Вот в эту сказку и сплошной праздник вторгается перечисление событий, о большинстве из которых весёлый и довольный народ на экране слыхом не слыхивал. Леннон? Такого не знаем. Нам поёт Сенчина, в крайнем случае Визбор. Монтажный конфликт знания и неведения так нагляден, что больно смотреть. Былинные времена, когда не видеть дальше своего носа и дверного глазка не было ни проступком, ни преступлением, а для некоторых — лучшим выбором.

На экране, конечно, воронка, настоящий смерч, уносящий в никуда понятие истории и технического прогресса, выбивающий из-под ног эту некогда твёрдую землю — terra firma, — стоящую на фактах и научных фактах.
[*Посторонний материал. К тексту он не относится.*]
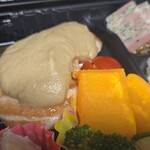 キッチン ブルー グローブ - 鮪ハラモのアップ、上には焼き茄子ムースソースめんつゆジュレ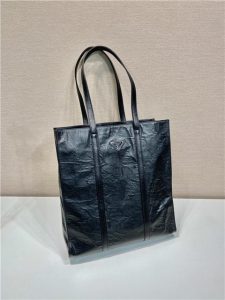 Medium Antiqued Nappa Leather Tote Bag 1BG587 Black-3.jpg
Вместо истории — бесконечно повторяющаяся, никого ничему не научившая бойня, кладбище намерений. Меняется язык, ускоряется темп. Люди умирают, кончаются государства, а жизнь жительствует. Жизнь завораживает в любом перечислении и не зависит от интерпретаций. А факты всё сыплются, будто самолёты с неба, погребая под собой поиски истины. Одну лишь истину я знаю так же твёрдо, как и Александр Николаевич, пишущий на одной из последних страниц своей записной книжки: «Счастливы близкие наши, умершие раньше нас». То, что это написано от руки, бесконечно важно, ведь, зная всё и вся на другой стороне земли и луны, в каждом углу планеты, мы больше не знаем почерк друг друга.